Patients with cardiac devices may experience localized symptoms at the device site or systemic signs such as fever and septic shock when bacteremia caused by MRSA occurs. On physical examination redness, warmth, swelling, and tenderness may be observed at the site of the cardiac device implantation. Serious complications may arise, including endocarditis, sepsis, metastatic infections, chronic osteomyelitis, and device-associated endocarditis. Early identification of issues and the implementation of implementing aggressive treatment measures are imperative for improving patient outcomes.

Cardiac devices, such as medical implants or external devices, are essential in managing various heart conditions.²¹ The primary categories of cardiac devices are the following: 

Pacemaker: Cardiac pacemakers are effective treatments for various bradyarrhythmias. Despite the myriad of clinical situations in which permanent pacing is considered, most management decisions regarding permanent pacemaker implantation are driven by the following clinical factors:

• The association of symptoms with bradyarrhythmia
• The location of the conduction abnormality
• The absence of a reversible cause

Patients are often evaluated for permanent cardiac pacemaker placement due to symptoms that may be caused by bradyarrhythmias (e.g., dizziness, light-headedness, syncope, fatigue, and poor exercise tolerance). Cardiac pacemakers generally have two components that deliver the electrical impulse for myocardial stimulation: a pulse generator and electrodes (leads).²² 

Implantable cardioverter-defibrillators (ICDs): Implantable cardioverter-defibrillator (ICD) implantation is generally considered the first-line treatment option for the secondary prevention of sudden cardiac death (SCD) and for primary prevention in specific populations at high risk of SCD due to Ventricular tachycardia (VT) /Ventricular fibrillation (VF).

Cardiac resynchronization therapy (CRT) devices: Cardiac Resynchronization Therapy (CRT) devices are essential in treating heart failure patients with ventricular systolic dysfunction. CRT-P devices provide pacing to synchronize ventricular contractions, while CRT-D devices additionally provide defibrillation to prevent sudden cardiac death due to arrhythmias. These devices markedly improve symptoms, quality of life, and survival rates but come with potential complications requiring careful management.
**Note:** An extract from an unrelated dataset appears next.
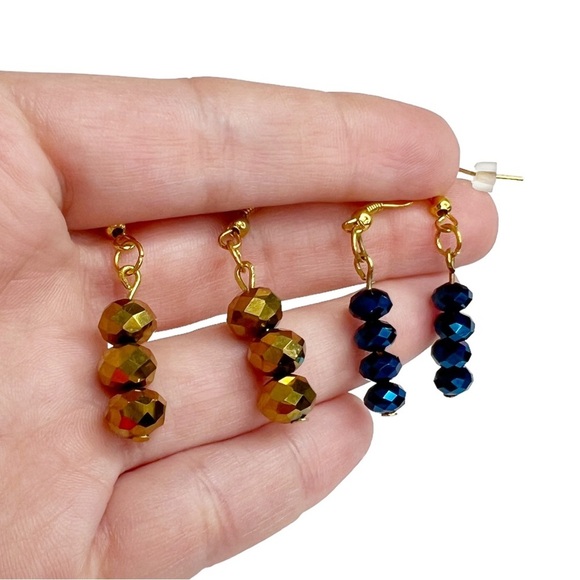 Lot of 8 Colorful Faceted Dangle Drop Pierced Earrings - Picture 5 of 9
Diagnosing bacteremia caused by MRSA requires a clinical evaluation, laboratory tests, and imaging studies. This multi-step approach confirms the presence of MRSA in the bloodstream and identifies the infection's source and extent. Critical diagnostic steps include: 

1. Blood cultures: Two aerobic, gram-positive blood cultures are obtained from at least two separate venipuncture sites before starting antibiotic therapy, ensuring an aseptic technique to avoid contamination.

Molecular and advanced diagnostic techniques: Polymerase Chain Reaction (PCR) quickly detects MRSA by specific genetic markers, such as the mecA gene for methicillin resistance. Matrix-assisted laser Desorption/Ionization-Time of Flight (MALDI-TOF) mass spectrometry rapidly identifies bacteria from cultures based on protein fingerprinting.
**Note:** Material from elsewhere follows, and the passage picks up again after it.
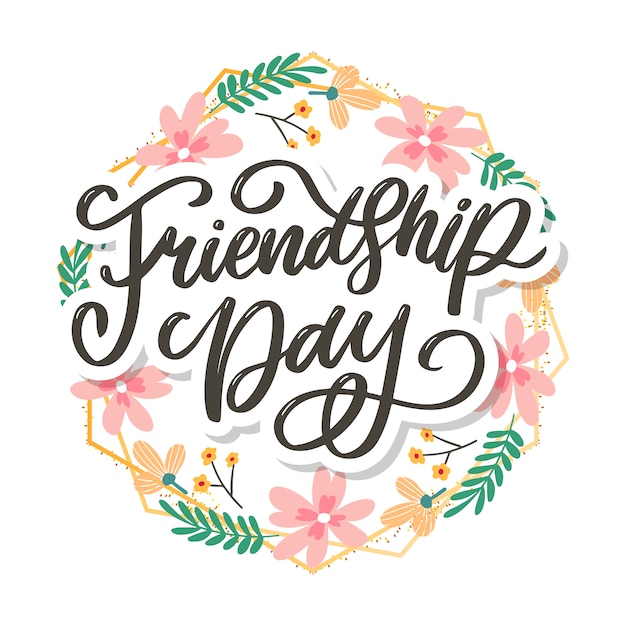 Vector beautiful illustration of happy friendship day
Limitation of blood cultures: Although blood cultures are considered the gold standard for diagnosis, conducting additional tests, such as antibiotic susceptibility testing, is crucial for guiding effective treatment. Blood cultures may not always detect MRSA, especially with intermittent bacteremia or low bacterial load. Multiple cultures at different times may be needed, potentially causing delays in diagnosis. Prior antibiotic use can reduce sensitivity, leading to false-negative results.
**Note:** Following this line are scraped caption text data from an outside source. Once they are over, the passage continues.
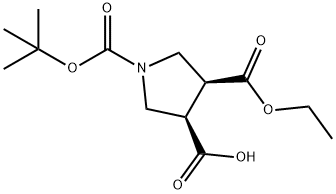 1,3,4-Pyrrolidinetricarboxylic acid, 1-(1,1-dimethylethyl) 3-ethyl ester, (3S,4R)- Structure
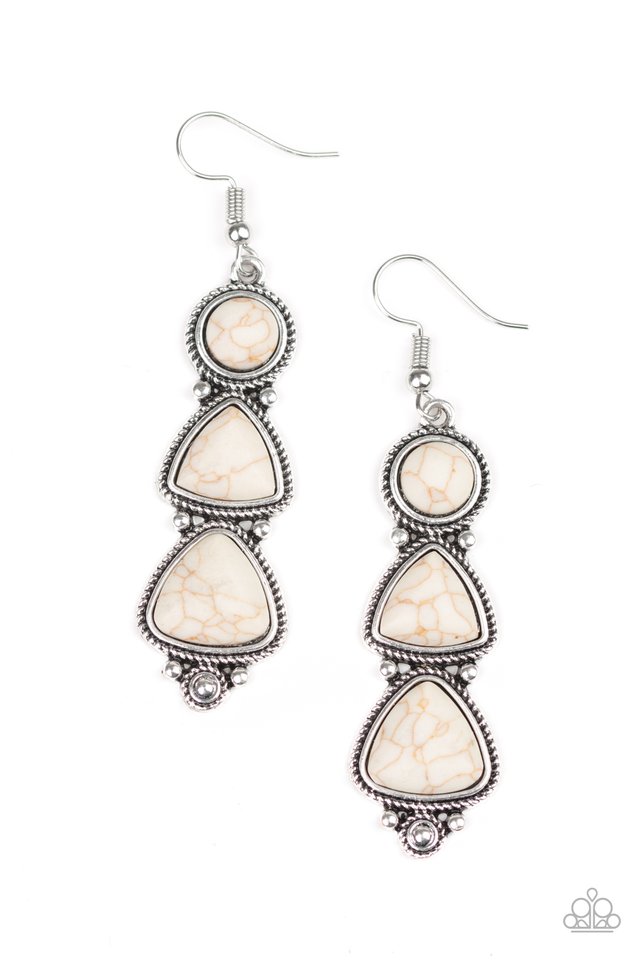 New Frontier - White - Paparazzi Earring Image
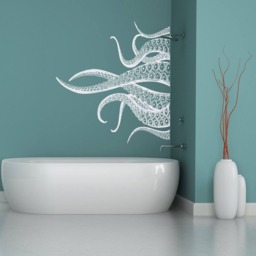 Kraken Octopus Tentacle Wall Decal Giant Sea Monster Vinyl Sticker, Ocean Theme Decor #203 - thumbnail 1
2. Echocardiography: There are two types of echocardiography: transthoracic echocardiography (TTE) and transesophageal echocardiography (TEE). TTE is the initial non-invasive imaging to detect vegetation on heart valves or other cardiac structures. For accurate diagnosis, TEE is required. It is used to definitively diagnose endocarditis, especially if TTE is inconclusive or if the patient is at high risk for endocarditis.

Diagnosing bacteremia caused by MRSA in patients with cardiac devices presents significant challenges, from the limitation of blood cultures to complexities in imaging and the critical need to differentiate between infection and colonization.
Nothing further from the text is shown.